ACTIVITY.
Give the data again exactly, without its images.

SUPPLIED MATERIAL below:

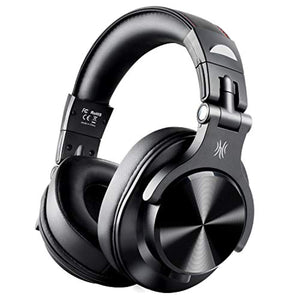 Casque Bluetooth Sans Fil, OneOdio Fusion A70 Casque Audio Fermé Casque Studio Casque Filaire Casque Monitoring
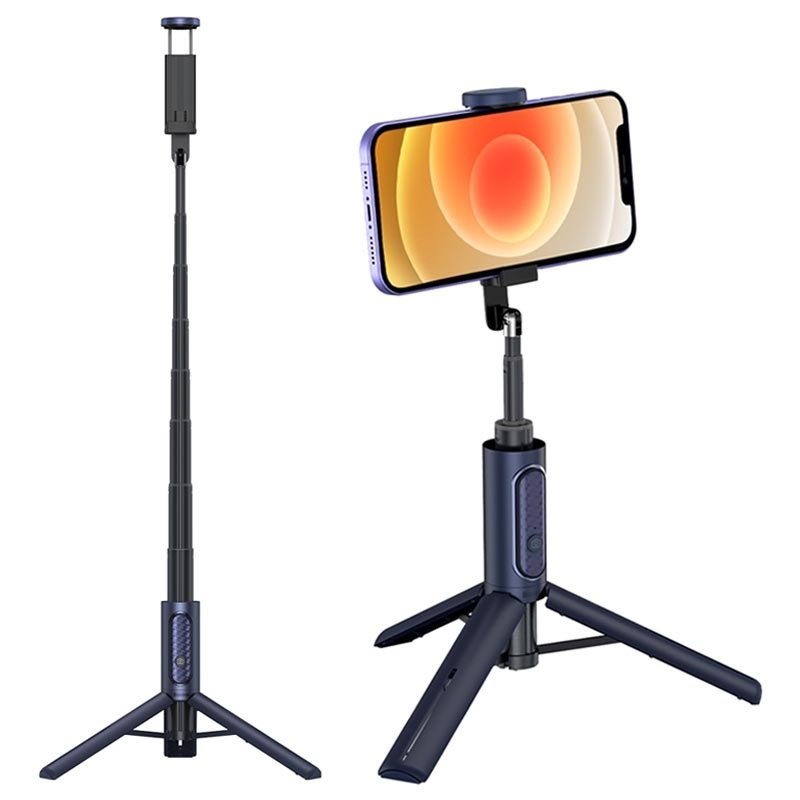 Perche à selfie et trépied Bluetooth Baseus Traveller Selfie stick et trépied Bluetooth Baseus Traveller
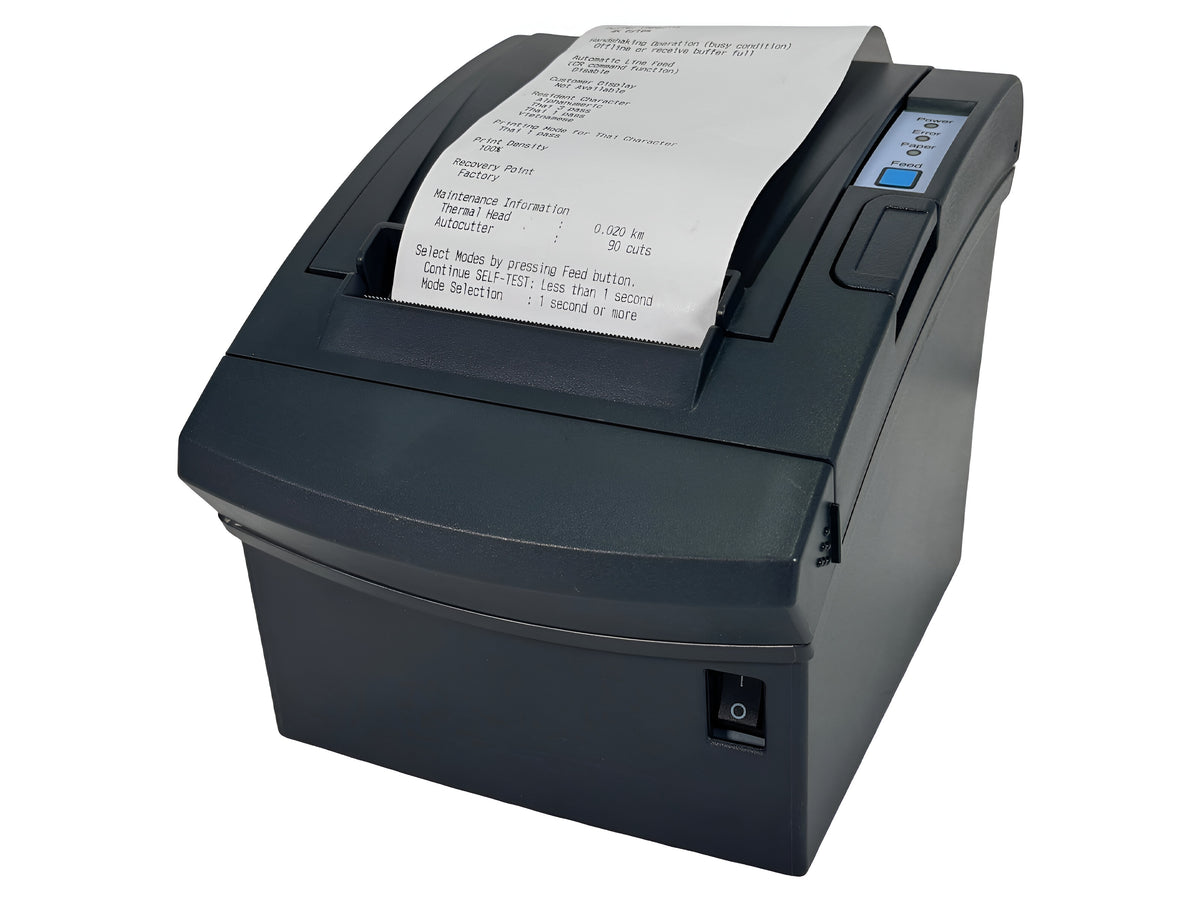 NCR RealPOS 7197 Thermal Receipt Printer – Serial, USB, Power Supply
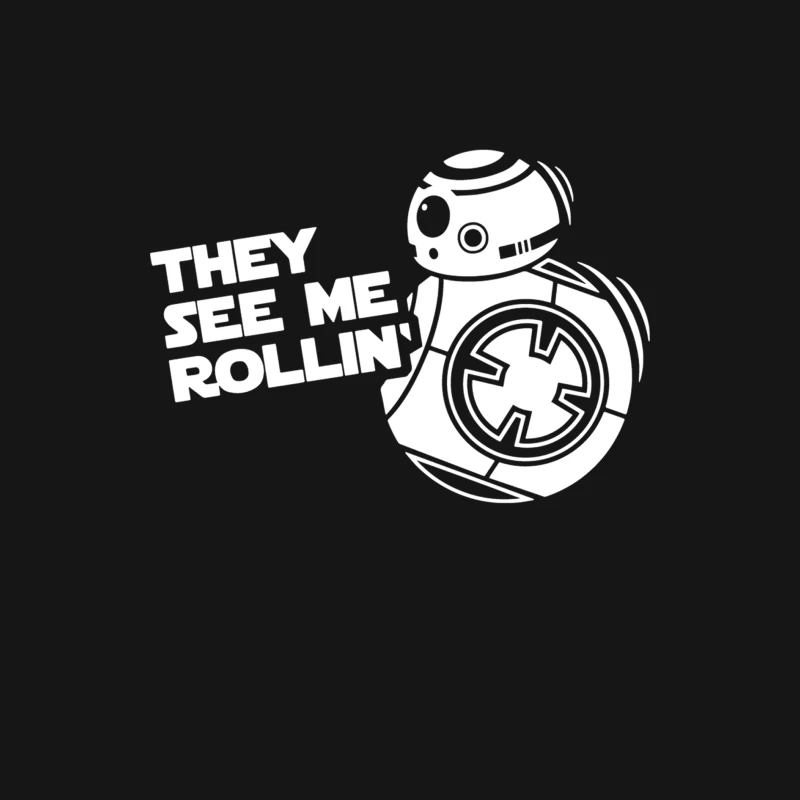 They See Me Rollin They Hatin Female Long Sleeve T-Shirt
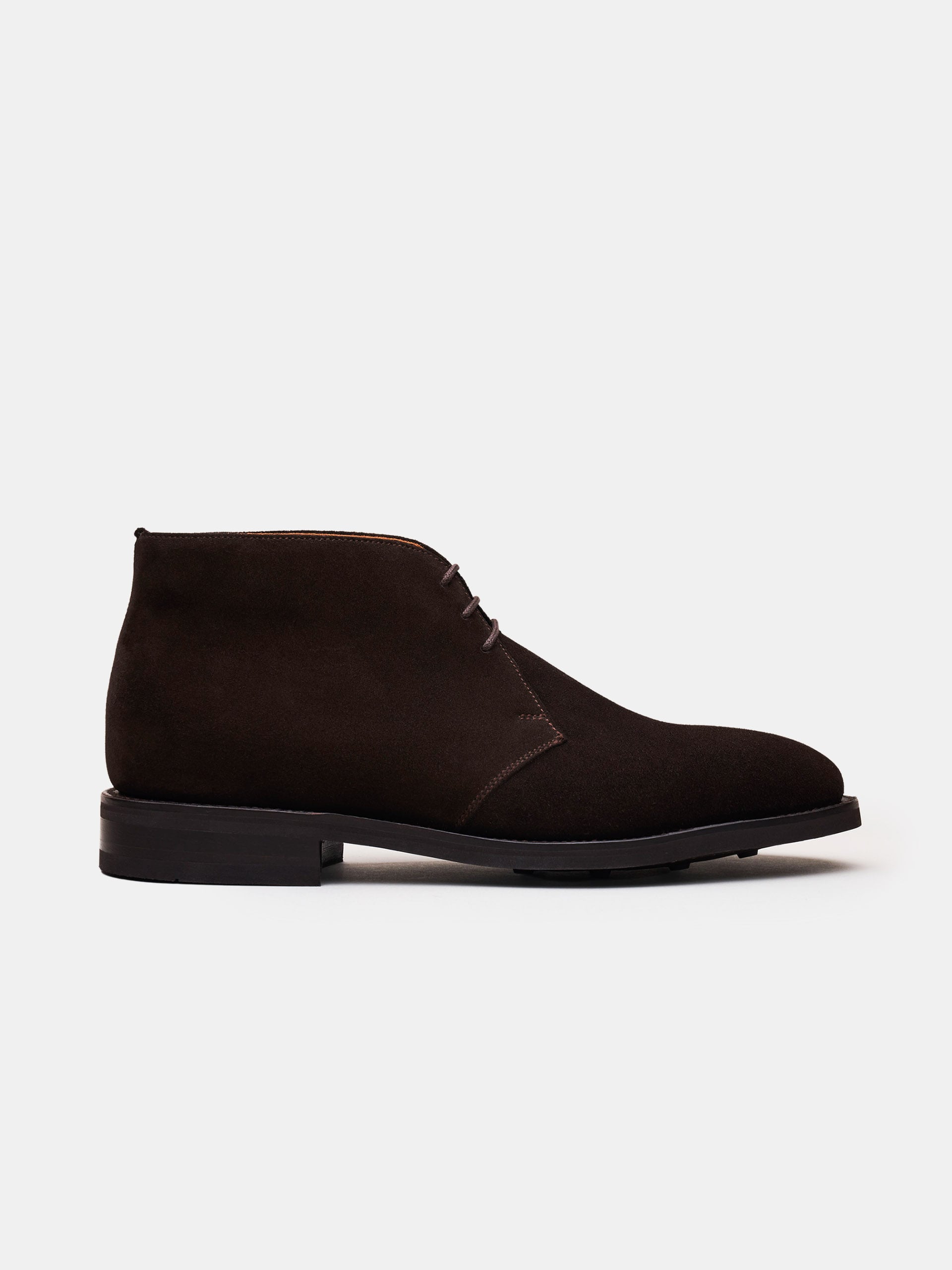 The Chukka Boot - Brown Suede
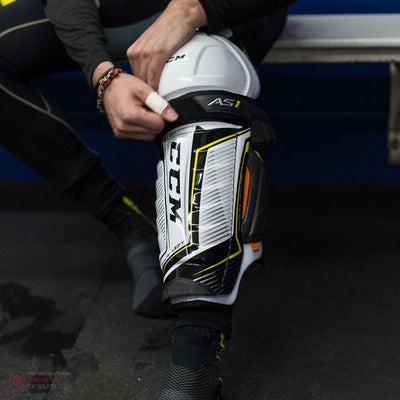 CCM Super Tacks AS1 Senior Hockey Shin Guards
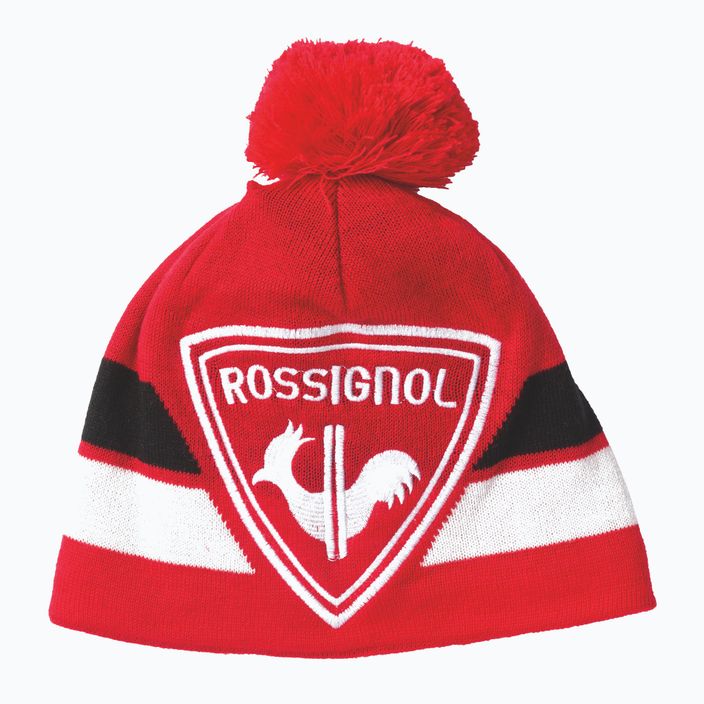 Czapka zimowa dziecięca Rossignol L3 Jr Rooster sports red 6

End of SUPPLIED MATERIAL.

OUTPUT FOR THIS TASK.
 Casque Bluetooth Sans Fil, OneOdio Fusion A70 Casque Audio Fermé Casque Studio Casque Filaire Casque Monitoring
 Perche à selfie et trépied Bluetooth Baseus Traveller Selfie stick et trépied Bluetooth Baseus Traveller
 NCR RealPOS 7197 Thermal Receipt Printer – Serial, USB, Power Supply
 They See Me Rollin They Hatin Female Long Sleeve T-Shirt
 The Chukka Boot - Brown Suede
 CCM Super Tacks AS1 Senior Hockey Shin Guards
 Czapka zimowa dziecięca Rossignol L3 Jr Rooster sports red 6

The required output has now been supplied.